Using intuition and analytics to shape your content

by NIK BERG, ONE POINT TWENTY ONE AND REDWOOD LONDON

May 2016

Your readers are your business. Give them what they want and your publication will be a success. This is not rocket science.

But not so many years ago there wasn’t really any kind of science involved in figuring out what your readers liked. You published a story, it was printed, and aside from the few (usually irate) readers who could be bothered to write in to your letters editor, it was very hard to measure the success or failure of an individual piece of content. To shape your publication, you would have to conduct costly focus groups or telephone surveys to ask your readers what they liked and disliked.

Today that information (and much more) is merely a mouse click away thanks to the extensive analytics built in to digital publishing platforms such as the Edition Digital system.

You can get real time, continuous information on exactly what your readers are reading. And just as importantly what they are not.

Today information of what your readers like (and much more) is merely a mouse click away thanks to the extensive analytics built in to digital publishing platforms.

Checking page views, dwell times, depth of reading and shares of your digital content will give you an instant picture of performance lending you the opportunity to not only tailor future content, but actually tweak the live content to engage the audience better.

It is both incredibly valuable to the success of your publication, and somewhat terrifying to a writer and editor. An in-built journalistic cynicism says that readers don’t always know what they want or, perhaps, more accurately, what we think they should want.

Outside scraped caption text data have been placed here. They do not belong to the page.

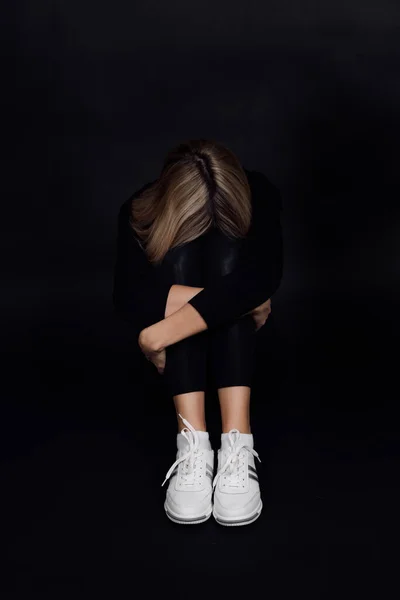 Desperate blonde woman with face put on knees sitting on floor and hiding from people on black background. Physical and mental abuse. Relative aggression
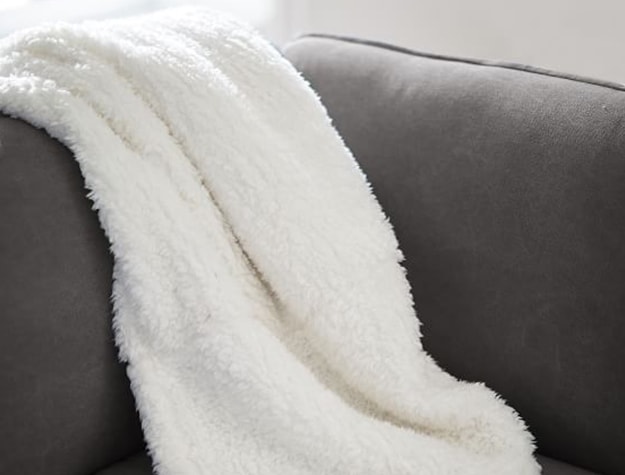 A white sherpa blanket drapes over a couch.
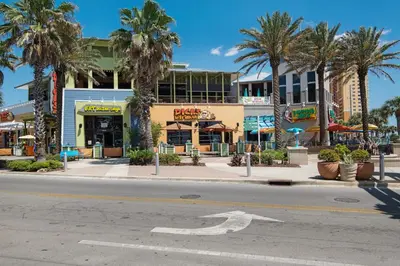 an empty street in front of a building with palm trees at Tidewater Escape: 1BR/2BA beachfront condo, sleeps 6, Gulf views & comfort! in Panama City Beach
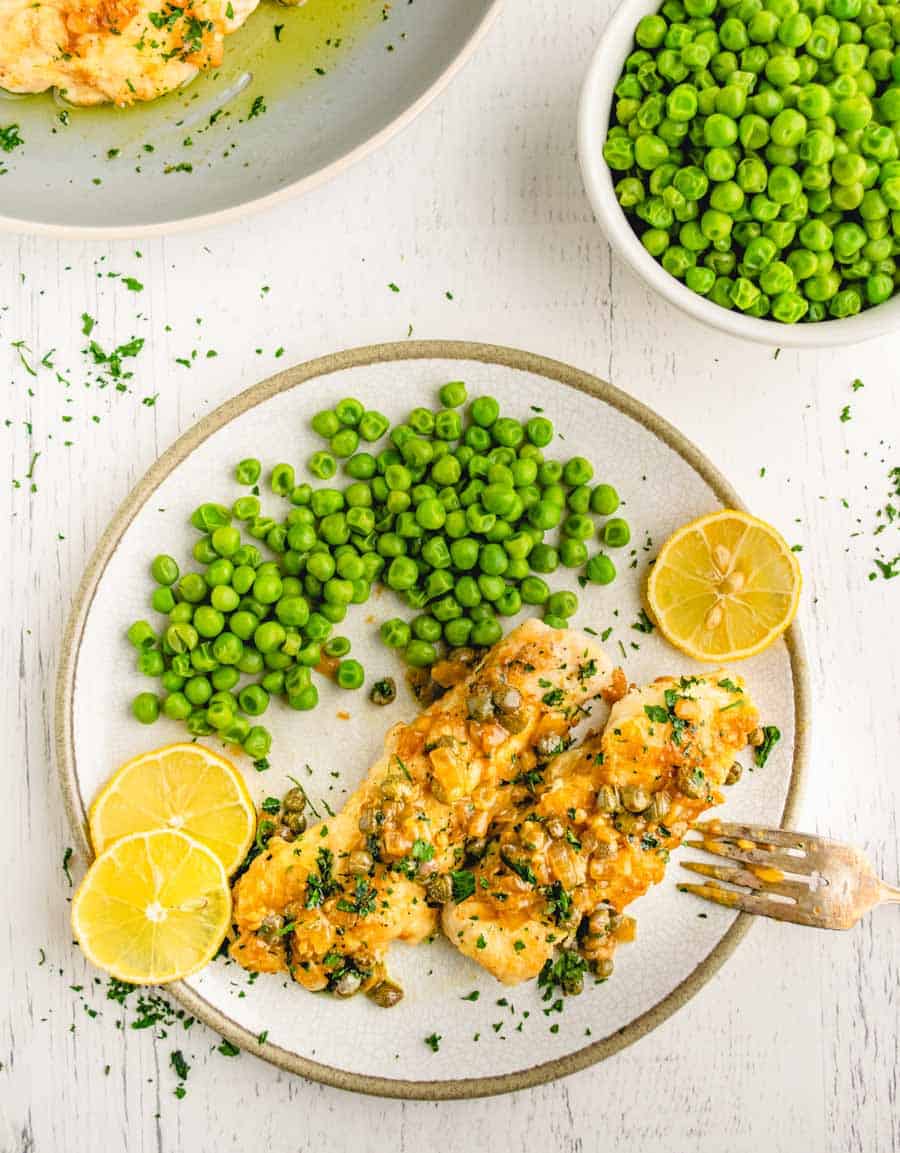 A plate of chicken picatta with lemon slices and a side of peas.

Creatives don’t always want to produce the most populist stories or the most basic designs. We want to challenge ourselves and our readers to work for their reward. And if analytics show these pieces don’t appear to be performing as well as more simple stories then have they failed? Or do they just need better promotion, better signposting?

The most important thing in using analytics to shape your content is to look at the data in context, not just to consider the raw numbers.

In other words, you actually need to analyse the analytics to reach a meaningful conclusion.

The most important thing in using analytics to shape your content is to look at the data in context, not just to consider the raw numbers.

What is your definition of success?

Is a piece that was read by 300 people and shared by 10 of them better than a piece read by 100 people but shared by 30?

Are the stories you expected to be popular delivering the results?

You may find low numbers but high engagement which could be a sign of poor navigation rather than poor content.

If your content is video or audio-based, you’ll be looking at the number of views, but also how long users watched for. If the duration was low, was that necessarily a bad thing? Perhaps they got all the information they needed up front? If that’s not the way the piece was put together then maybe the audience got bored. Look at numbers alongside the content.

One would expect image galleries to be swiped through quite quickly, and text-heavy pieces to take longer, so if that’s not happening look closely to see what’s not working.

With data so readily available - and so much of it - it’s vital not to jump to conclusions.

Yes, you can react quickly and make changes to your publication. Whether you should or not requires a bit of extra thought.